WHAT YOU SHOULD DO
Look below for the line with "Apartment Ujasia *" and the line with "Смарт-годинник Gelius GP-SW015"; repeat exactly those two lines and all lines between them, but no pictures.

Dataset records:
== Segment start ==
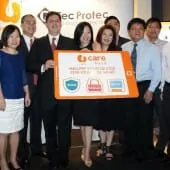 U Mobile - Tecprotec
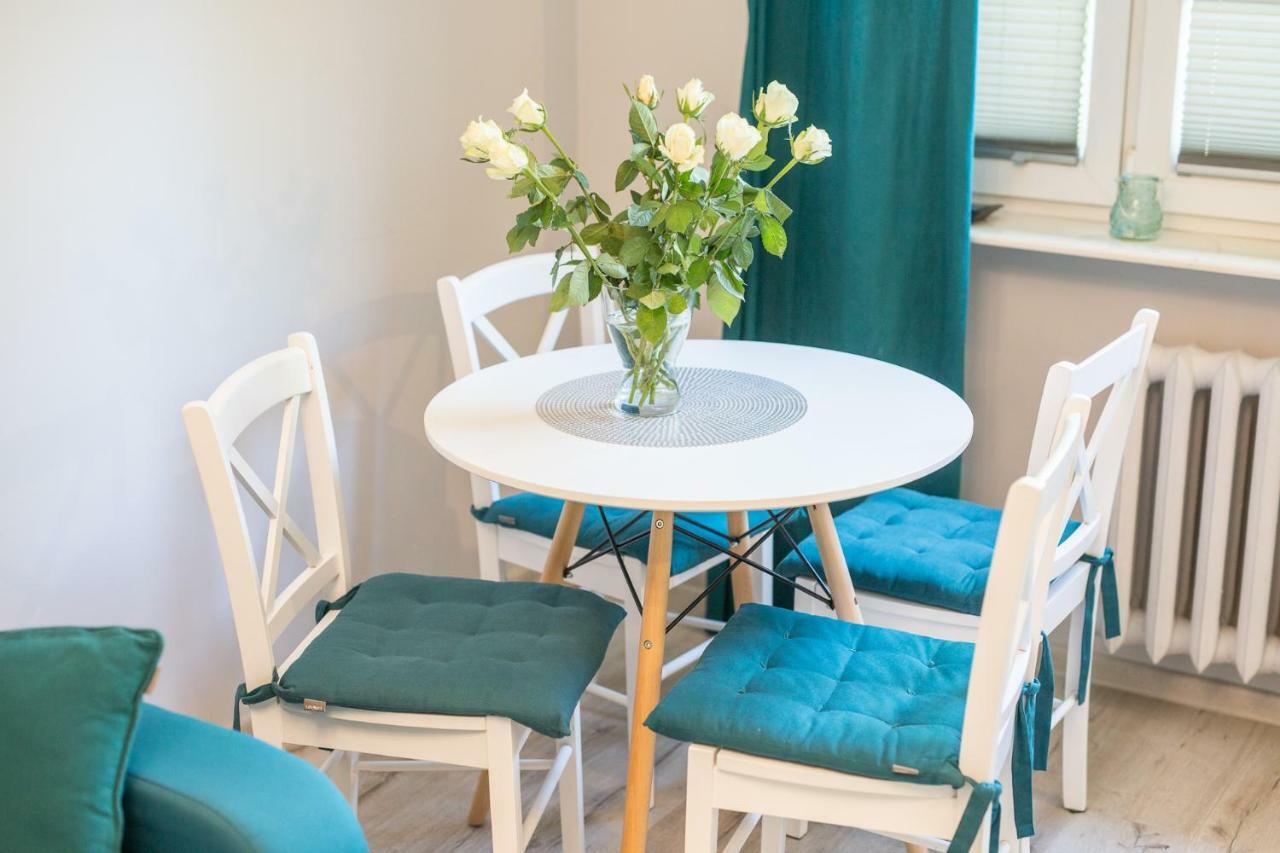 Apartment Ujasia *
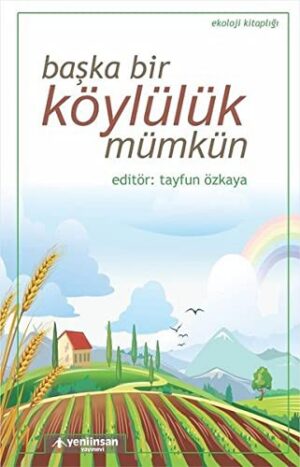 Başka Bir Köylülük Mümkün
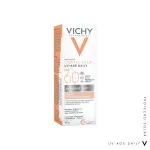 Protetor Solar Vich Capital Soleil Uv Age Daily 2.0 Fps 60 40g 2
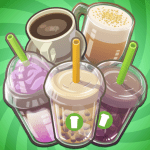 Coffee Craze – Barista Tycoon MOD Unlimited Money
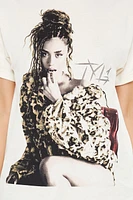 Tyla Graphic Tee
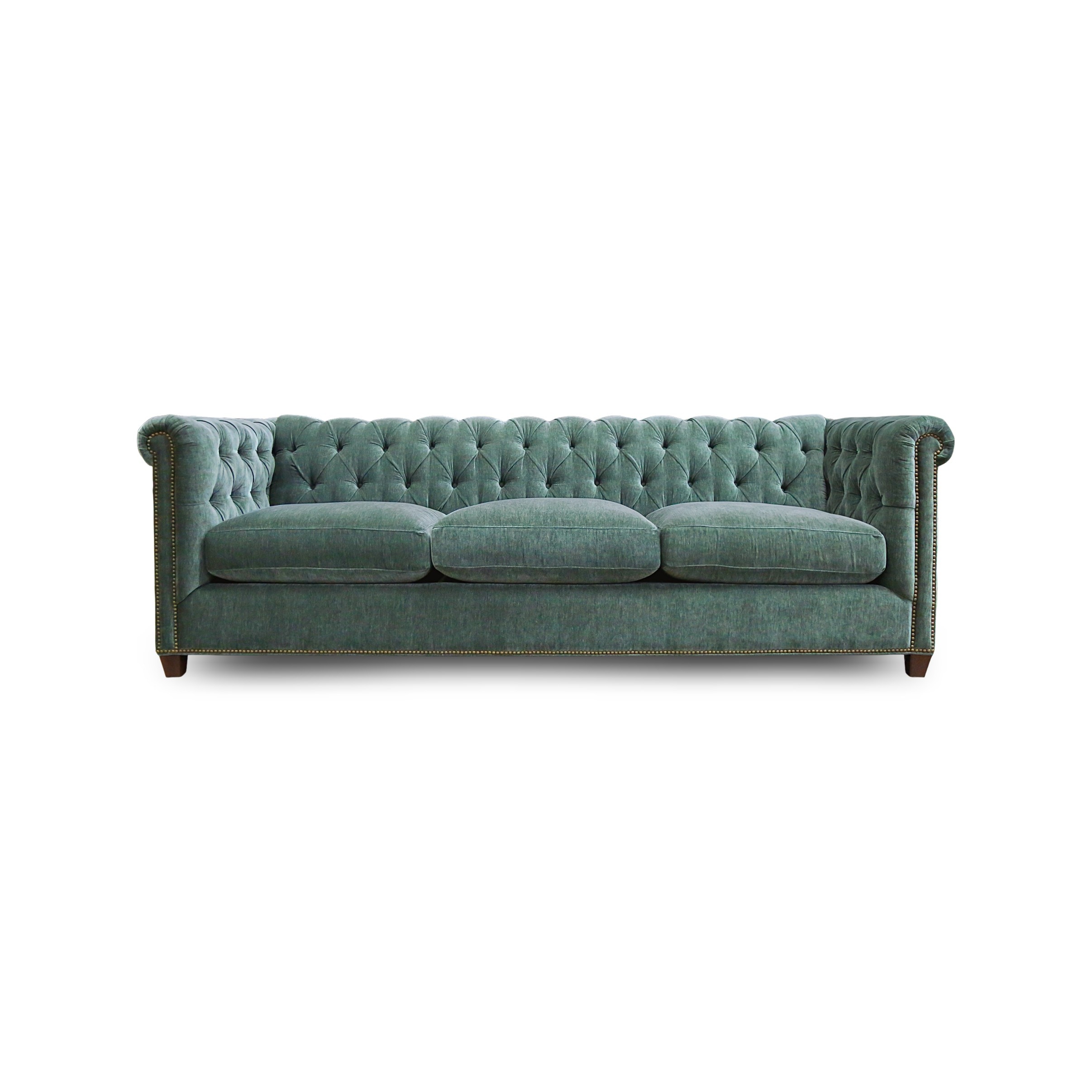  ORLEANS 98" 3 SEAT GRAND SOFA 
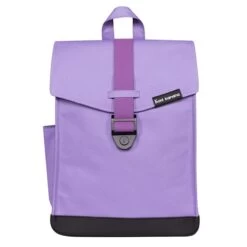 Bold Banana Envelope Backpack Purple Rain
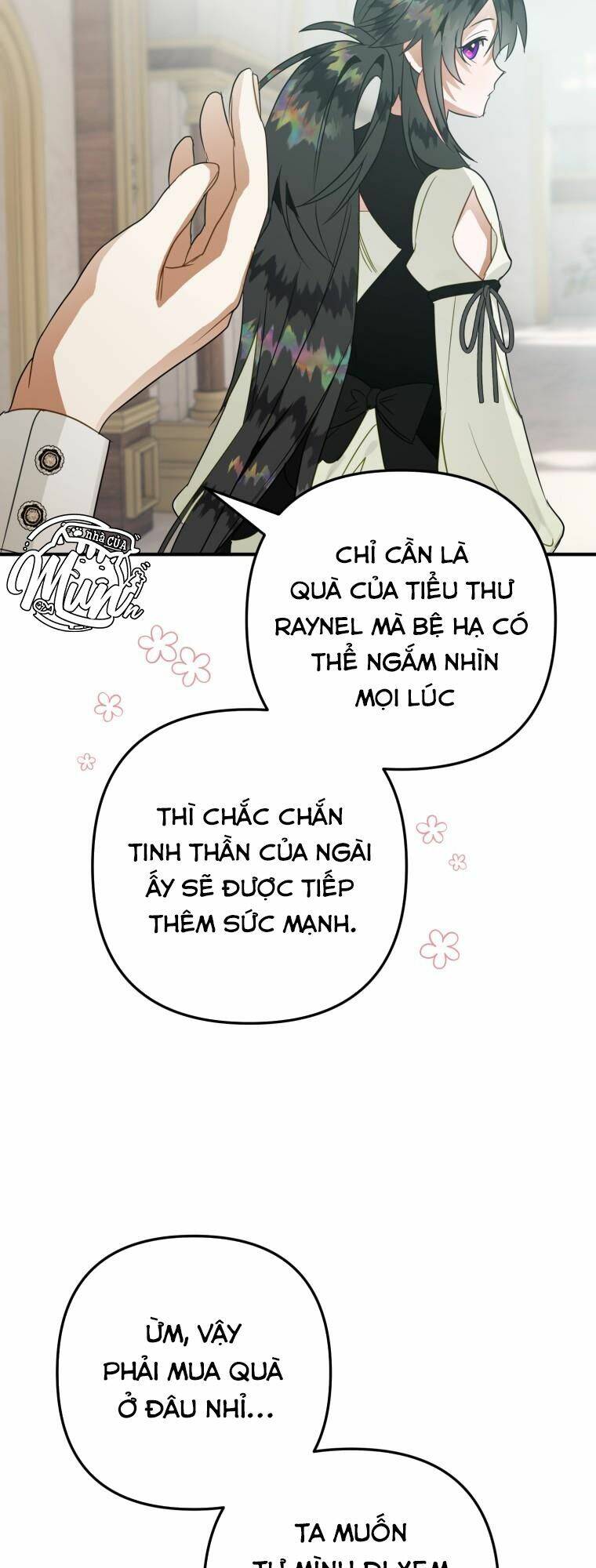 Bỗng Nhiên Tôi Trở Thành Quạ Đen!! Chapter 40 - Trang 2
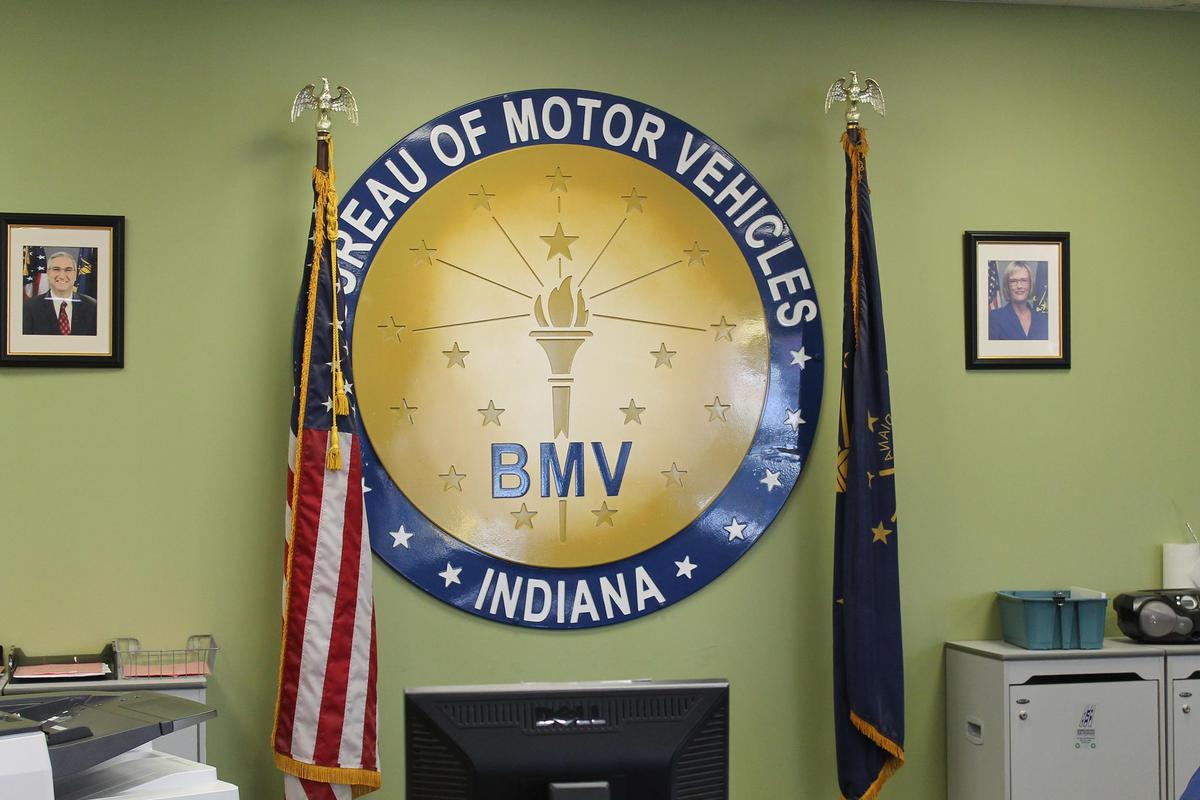 BMV seal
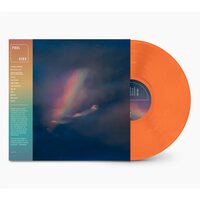 Pool Kids - Pool Kids vinyl cover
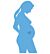 Marianne Design Creatables Pregnant 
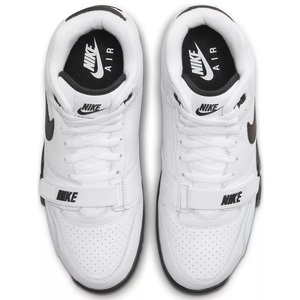 ■ナイキ エア トレーナー 1 ホワイト/ブラック 新品 26.5cm US8.5 NIKE AIR TRAINER 1 FB8066-100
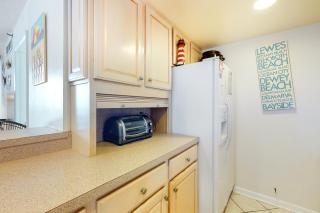 Sea Colony - 807 Georgetowne House Rd. - Bethany Beach - 2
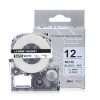 Epson Compatible Label Tape SS12KW
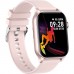Смарт-годинник Gelius GP-SW015 Amazwatch Light Pink (2099901012739)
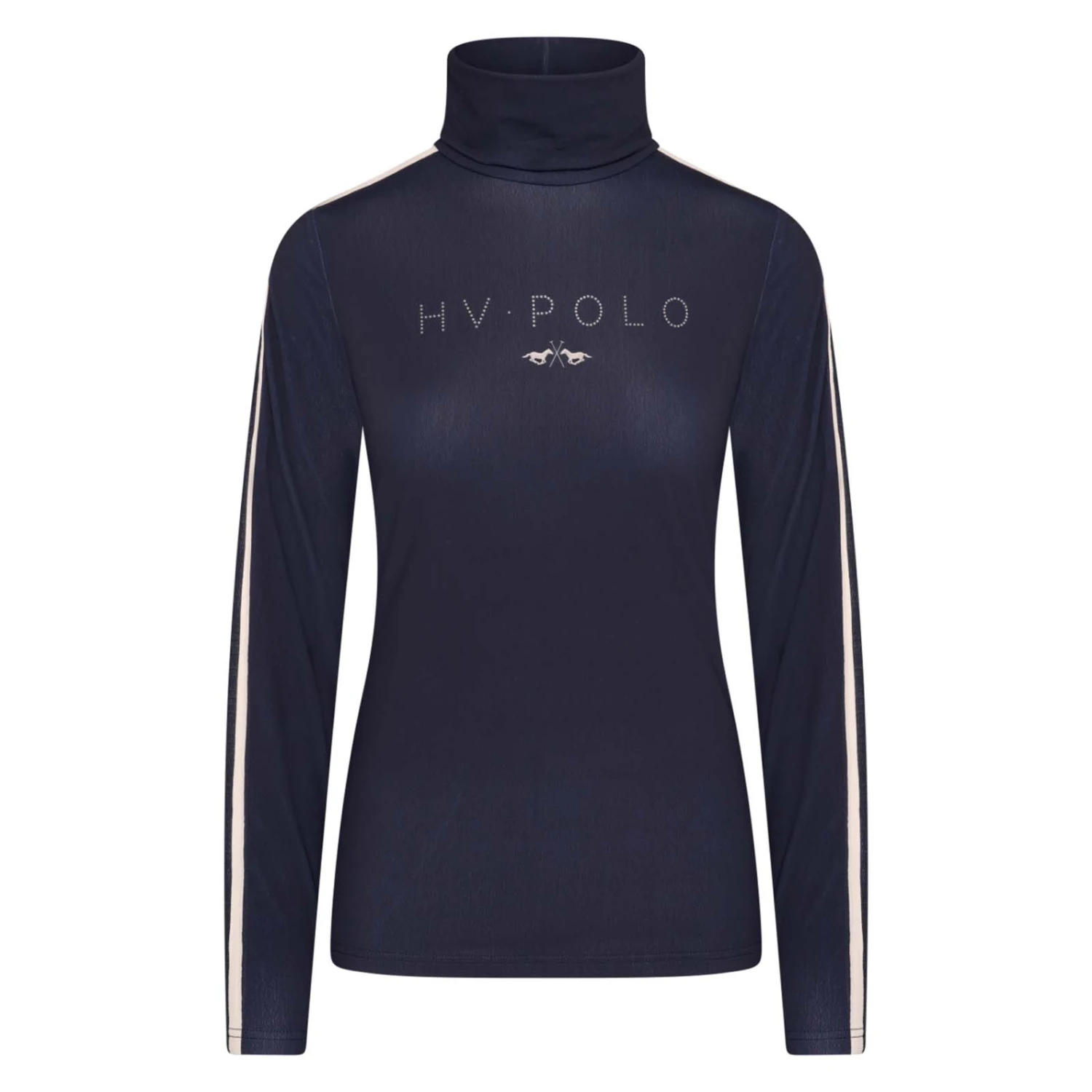 HV Polo Alexia Damen Langarmshirt 3 HV Polo Alexia Damen Langarmshirt - Image 3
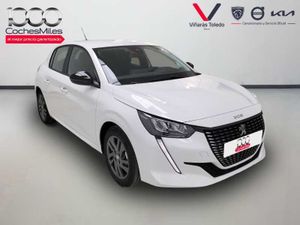 Peugeot 208 5P Active Pack BlueHDi 100 S&S 6 Vel MAN     - Foto 7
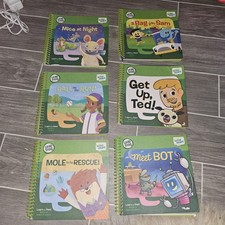 Leapfrog Leapstart Learn To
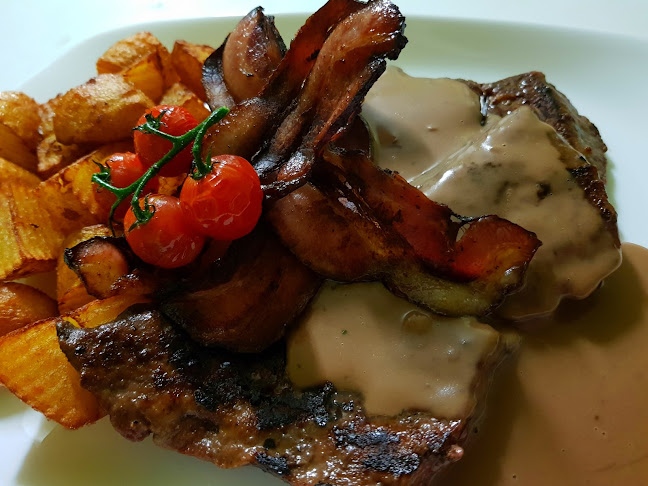 Comentarii opinii despre Netzls Heuriger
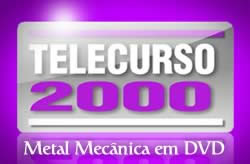 telecurso 2000 em dvd mecanica
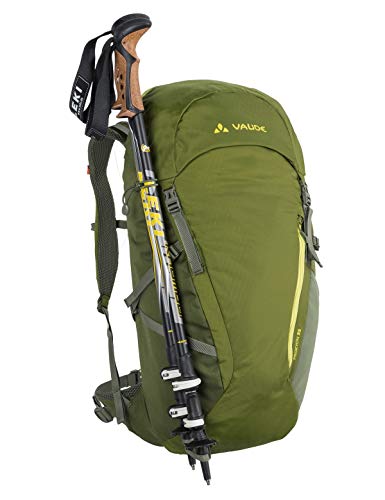 Vaude Prokyon 22 Backpack, Holly Green #TOP3
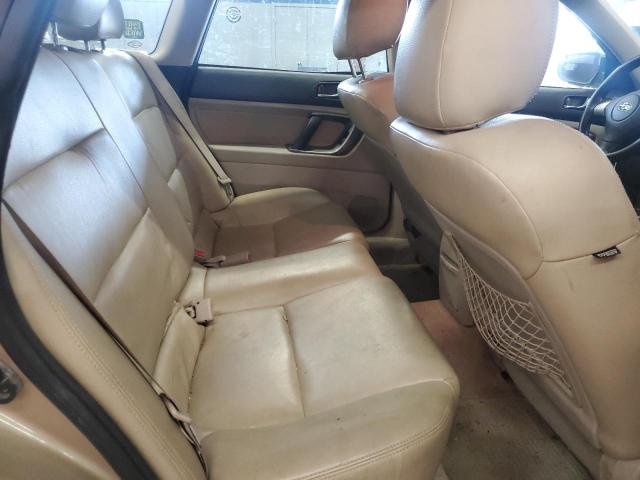 Photo 10 from auction – 2008 SUBARU OUTBACK 2. with VIN 4S4BP61C687319627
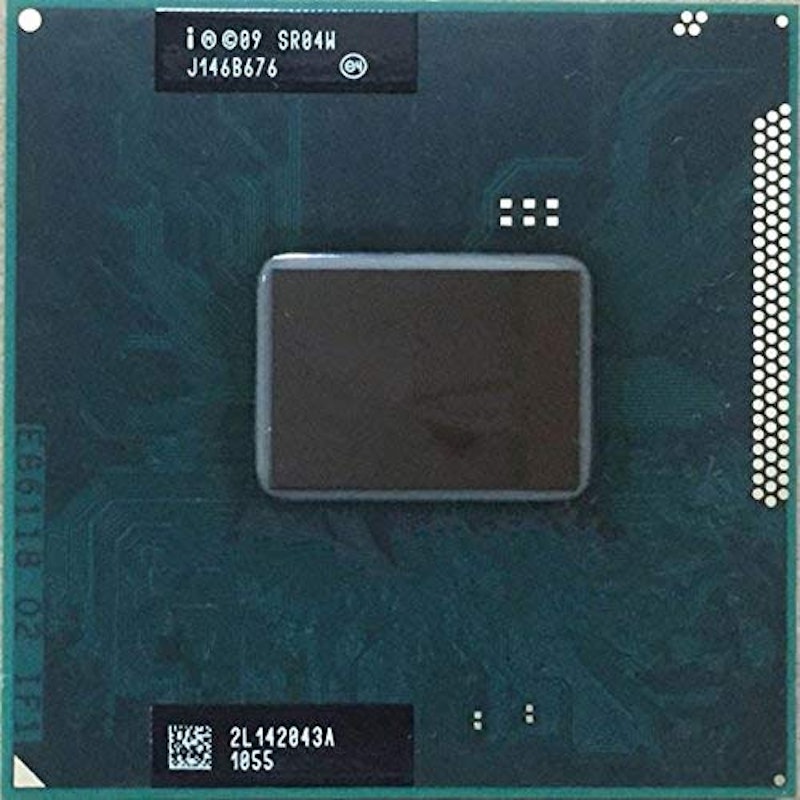 i5 2430M 1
== Segment end ==
REPLY
 Apartment Ujasia *
 Başka Bir Köylülük Mümkün
 Protetor Solar Vich Capital Soleil Uv Age Daily 2.0 Fps 60 40g 2
 Coffee Craze – Barista Tycoon MOD Unlimited Money
 Tyla Graphic Tee
  ORLEANS 98" 3 SEAT GRAND SOFA 
 Bold Banana Envelope Backpack Purple Rain
 Bỗng Nhiên Tôi Trở Thành Quạ Đen!! Chapter 40 - Trang 2
 BMV seal
 Pool Kids - Pool Kids vinyl cover
 Marianne Design Creatables Pregnant 
 ■ナイキ エア トレーナー 1 ホワイト/ブラック 新品 26.5cm US8.5 NIKE AIR TRAINER 1 FB8066-100
 Sea Colony - 807 Georgetowne House Rd. - Bethany Beach - 2
 Epson Compatible Label Tape SS12KW
Смарт-годинник Gelius GP-SW015 Amazwatch Light Pink (2099901012739)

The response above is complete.